With the U.S. Census Bureau releasing the state's updated population earlier this year — 886,667 residents — and three days of meetings, ranging from Rapid City to Mobridge to Watertown, set to begin in early October, the committee has until December 1 of this year to establish new boundaries for the 70 members of the House of Representatives and 35 senators (though, those numbers aren't set in stone).
But the two-decade-old federal lawsuit, filed by Alfred Bone Shirt and the American Civil Liberties Union, which found South Dakota's Secretary of State failed to submit for clearance by the U.S. Attorney General or the U.S. District Court in Washington, D.C. a 2001 redistricting plan that combined Shannon (now Oglala) and Todd Counties.
Both counties qualified for minority voter protections under the 1965 Voting Rights Act, due to higher populations of Native American voters and low voter turnout (judged as less than 50% of voting participation from the adult population of the county).
When the counties were grouped together in one senate district, Bone Shirt sued, claiming discrimination — and federal judges Charles Kornman and Karen Shreier agreed by enjoining against the state in 2002. A legal fight ensued, ending in 2005 with the court upholding the two separate senate districts. An appeals court upheld Judge Schreier's ruling in 2008.
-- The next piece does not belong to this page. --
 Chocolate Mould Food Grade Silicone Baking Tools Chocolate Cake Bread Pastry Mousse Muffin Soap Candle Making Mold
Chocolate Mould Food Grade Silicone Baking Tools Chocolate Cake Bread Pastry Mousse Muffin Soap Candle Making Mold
"Suffice to say, what happened was the committee had planned several meetings on Native American reservations, [but] they were not well-publicized and not well-attended," said Frame.
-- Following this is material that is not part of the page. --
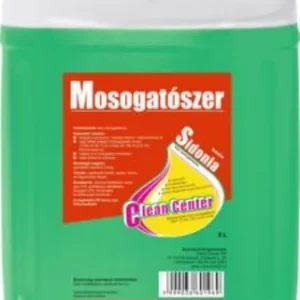 Clean Center Sidonia basic mosogatószer 5 liter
While civil rights protections in the nation's voting laws tends to revolve around questions of race, particularly with historic disenfranchisement of African Americans in the U.S. South, Frame told lawmakers that South Dakota is in a "unique" position due to high Native American population, who is protected under the 1965 law.
At one point on Tuesday, Rep. Liz May, a Kyle Republican, probed the parameters of minority protections by seemingly conflating racial subcategories within the nation's voting rights laws with "economic" minorities, even employment numbers.
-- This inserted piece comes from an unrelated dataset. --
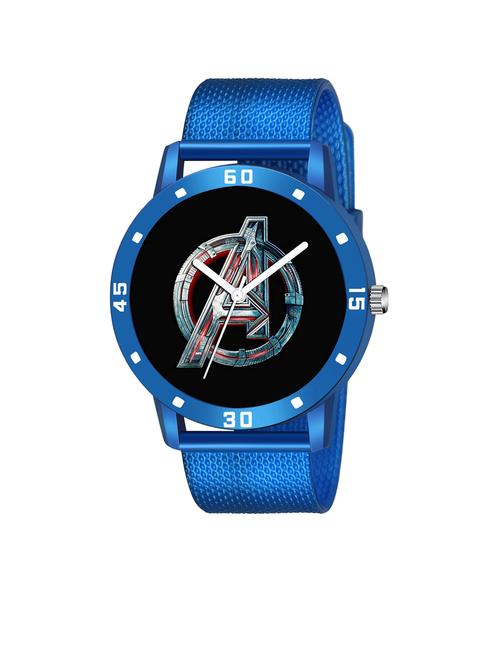 niyatinx men's analog watch  - 19827776 - Very Small Image - 1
"So I'm just curious," asked May, "We know agriculture is the number-one industry. Since they are a minority [in terms of workers], but they are the number one industry, are they considered a minority?"
Frame responded that this isn't typically how the U.S. has understood minority rights within the context of voting rights laws, noting, "generally, most of these court cases refers to a racial or ethnic status versus someone's occupation or economic status as being a minority."
The committee will hold meetings on October 11-13. It's unclear where the locations of the meetings will be held. At a March meeting, Sen. Troy Heinert, a Mission Democrat from the Rosebud Indian Reservation, inquired whether meetings in Mobridge and Watertown — meant to be conducive to tribal populations on Standing Rock and Lake Traverse reservations — would aptly convenience Native voters.
South Dakota legislative officials say they anticipate receiving more detailed Census data earlier than anticipated — now in mid-August — from the U.S. Census Bureau, following a lawsuit filed by Ohio.